The first version of Coupa Express was released in July 2006. The original target date of July 4th (which we missed by a few weeks) coincided with Independence Day in the United States, and was symbolic of the goal of the project - to “free” businesses from stale, expensive, and old-fashioned purchasing systems that cost too much to buy and even more to own and operate.

Coupa Express Project Timeline

The project grew quickly, achieving 99% activity status on Sourceforge (a miracle for boring e-procurement software) in a matter of months. After 3 betas, a 1.0 version was introduced in March 2007 - and the current 1.5 version has been available since August 2007. The project has surpassed 12K downloads, with production use in most continents.

Coupa Software continues to act as primary contributor to and champion of Coupa Express. In addition, Coupa Software offers a convenient on demand service at a fraction of the cost of traditional enterprise software. More information about Coupa Software and its on demand solution can be found at http://www.coupa.com.

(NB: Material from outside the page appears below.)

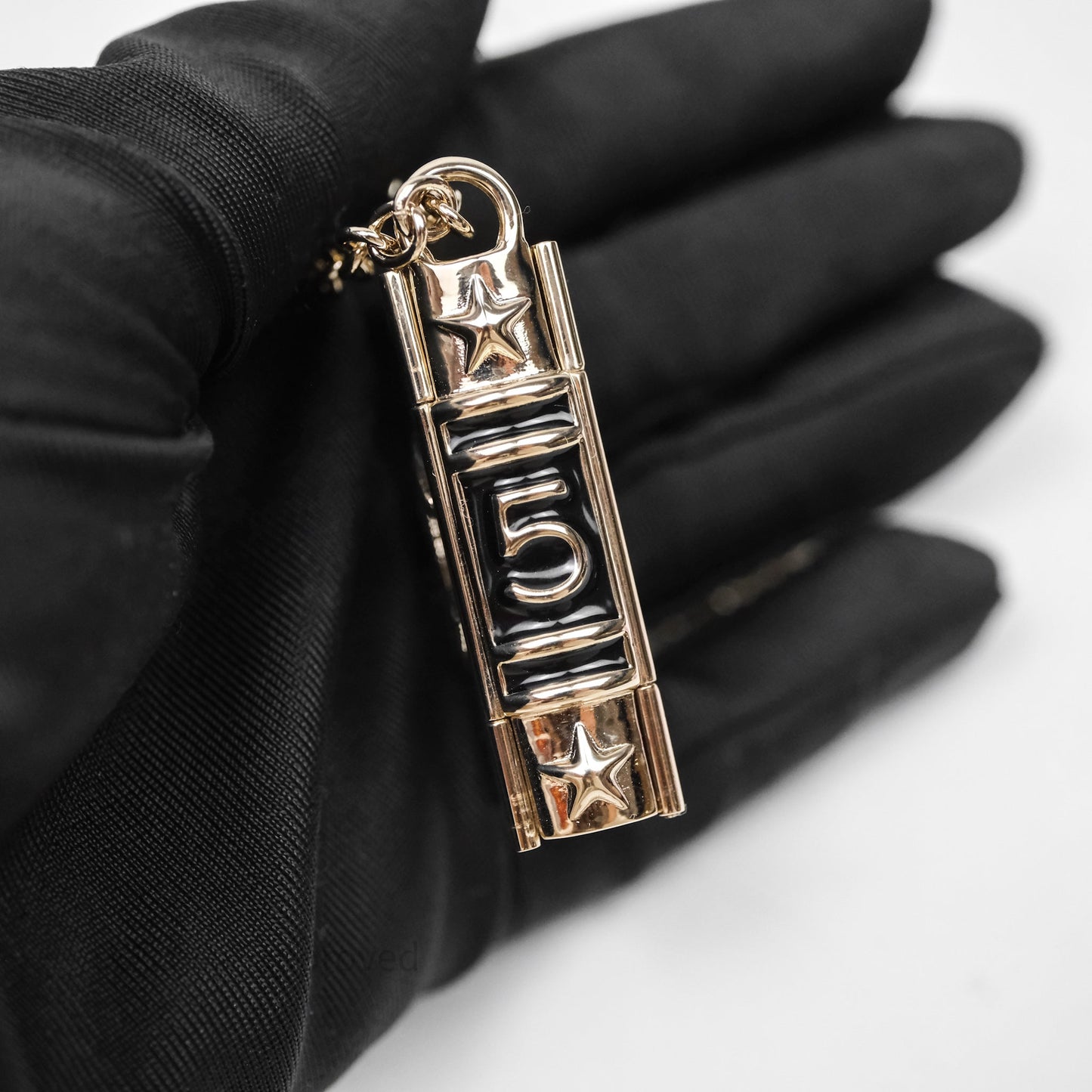 Chanel CC Logo Lion Book Locket Black/Light Gold Necklace 22C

Coupa Express Developer Hall-Of-Fame

Coupa Express may be an open source project, but its primary ongoing code contribution comes from a few pretty amazing developers. Sure, this section could talk about Dave Stephens and Noah Eisner, Coupa’s founders. And it’s fair to say they have shaped the open source product - both through vision and functional design. But this section is about the developers themselves. No managers allowed :)

David Williams (aka Kingpin)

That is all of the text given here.